To bring home my point, here are (in chronological order) the five strongest episodes of season two:
"Face the Press," episode one of the season, 14th overall. Best known for "Ministry of Silly Walks," one of the few overly physical sketches in the Python canon, "Press" also features the Piranaha Brothers documentary spoof, which consumes the final third of the episode. A gag involving an absurd number of deliverymen installing a new gas cooker (er, oven) gives the season premiere a figurative and literally serpentine runner to bring everything together. "Dinsdale!"
"The Spanish Inquisition," episode two, 15th overall. AV Club suggested this as your Python Gateway to Geekery, and I can't disagree. Palin is aces as the hapless Cardinal Ximenez, turning the titular 15th century religious persecution into feckless, mustache-twirling villainy. They aim for evil, but they settle for mild annoyance. Beyond the inquisition this is just a collection of sketch great sketches, including "The Semaphore Version of Wuthering Heights" and "Tax on Thingy."
"It's a Living," episode six, 19th overall. There's no recurring theme or wraparound this time, it's just a great series of sketches. "Timmy Williams' Coffee Time" is a dead-on parody of David Frost, a bite-the-hand-that-feeds moment for an early champion of Python's work. The final quarter of the episode is again dedicated a lengthier piece, a send-up of live election coverage --a Party Political Broadcast, if you will-- that pits the Silly Party against the Sensible Party.
"Spam," episode 12, 25th overall. Any Python fan worth their salt knows the title sketch and its accompanying sing-along, but this is another top-to-bottom cavalcade of scenes. "Ypres 1914" evokes Ernest Hemingway and features a great individual performance from Chapman. "Dirty Hungarian Phrasebook" is fairly quotable, and "Communist Quiz" and "Gumby Flower Arranging" later became staples of Python's live act.
"Royal Episode 13," 26th overall. "The Queen is watching," the show's announcer warns upfront. Any assumption that Python will play it safe is thrown out almost immediately; the tasteless "Cannibal Lifeboat" sketch segues into the even more abhorrent "Cannibal Undertaker" sketch, and gross-out humor dominates the proceedings. Inspired as it may have been, the perceived limits of good taste forced the BBC's censors to pay closer attention. There was a limit to what Monty Python could get away with after all.
Of course, by choosing five episodes from one season I can't touch every base.
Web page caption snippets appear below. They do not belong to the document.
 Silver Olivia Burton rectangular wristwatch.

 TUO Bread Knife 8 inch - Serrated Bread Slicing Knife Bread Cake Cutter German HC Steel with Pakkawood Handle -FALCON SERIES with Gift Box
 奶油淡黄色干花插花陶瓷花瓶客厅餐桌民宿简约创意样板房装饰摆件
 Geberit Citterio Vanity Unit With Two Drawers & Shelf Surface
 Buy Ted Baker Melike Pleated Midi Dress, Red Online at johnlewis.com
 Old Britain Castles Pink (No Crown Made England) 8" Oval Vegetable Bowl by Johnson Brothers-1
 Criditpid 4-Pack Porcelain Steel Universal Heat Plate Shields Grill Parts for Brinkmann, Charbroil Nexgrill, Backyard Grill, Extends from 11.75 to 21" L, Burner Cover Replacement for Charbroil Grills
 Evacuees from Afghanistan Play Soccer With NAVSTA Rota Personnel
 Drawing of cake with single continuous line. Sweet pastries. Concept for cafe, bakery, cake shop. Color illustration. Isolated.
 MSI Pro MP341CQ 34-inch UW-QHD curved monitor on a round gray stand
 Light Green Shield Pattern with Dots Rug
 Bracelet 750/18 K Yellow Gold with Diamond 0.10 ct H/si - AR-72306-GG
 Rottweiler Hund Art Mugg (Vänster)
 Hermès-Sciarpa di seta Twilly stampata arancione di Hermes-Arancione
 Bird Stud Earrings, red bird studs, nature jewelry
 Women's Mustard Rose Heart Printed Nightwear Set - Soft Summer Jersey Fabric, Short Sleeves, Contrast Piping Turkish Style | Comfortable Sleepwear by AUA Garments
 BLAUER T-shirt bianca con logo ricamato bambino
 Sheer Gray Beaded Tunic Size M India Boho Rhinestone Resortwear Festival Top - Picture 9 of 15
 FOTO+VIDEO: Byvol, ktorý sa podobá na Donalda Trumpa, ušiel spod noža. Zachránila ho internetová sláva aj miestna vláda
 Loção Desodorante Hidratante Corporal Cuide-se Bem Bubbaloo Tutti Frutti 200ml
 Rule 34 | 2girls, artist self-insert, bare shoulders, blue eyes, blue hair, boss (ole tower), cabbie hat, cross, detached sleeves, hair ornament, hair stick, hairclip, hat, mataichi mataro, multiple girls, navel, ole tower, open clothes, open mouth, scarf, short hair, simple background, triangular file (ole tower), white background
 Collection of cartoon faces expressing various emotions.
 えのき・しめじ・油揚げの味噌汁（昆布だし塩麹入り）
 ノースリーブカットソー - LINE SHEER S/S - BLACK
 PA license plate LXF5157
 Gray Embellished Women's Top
The other eight episodes of Python's second series have all sorts of great sketches, ranging from the game show spoof "Blackmail" to "The Killer Cars" to "How Not to Be Seen." "Scott of the Antarctic," perhaps the weakest episode of the season, is a tad arch and slow-moving at times, but its strongest elements trump the weaknesses. Regardless, whenever someone watches "Holy Grail" or "Life of Brian" want to know where to go next, season two is normally where I steer them.
With any luck, "Seasons of Love" will turn into a monthly feature on this blog. There are plenty of shows I like, past and present, that are worth writing about; at the same time, I'm also open to suggestions.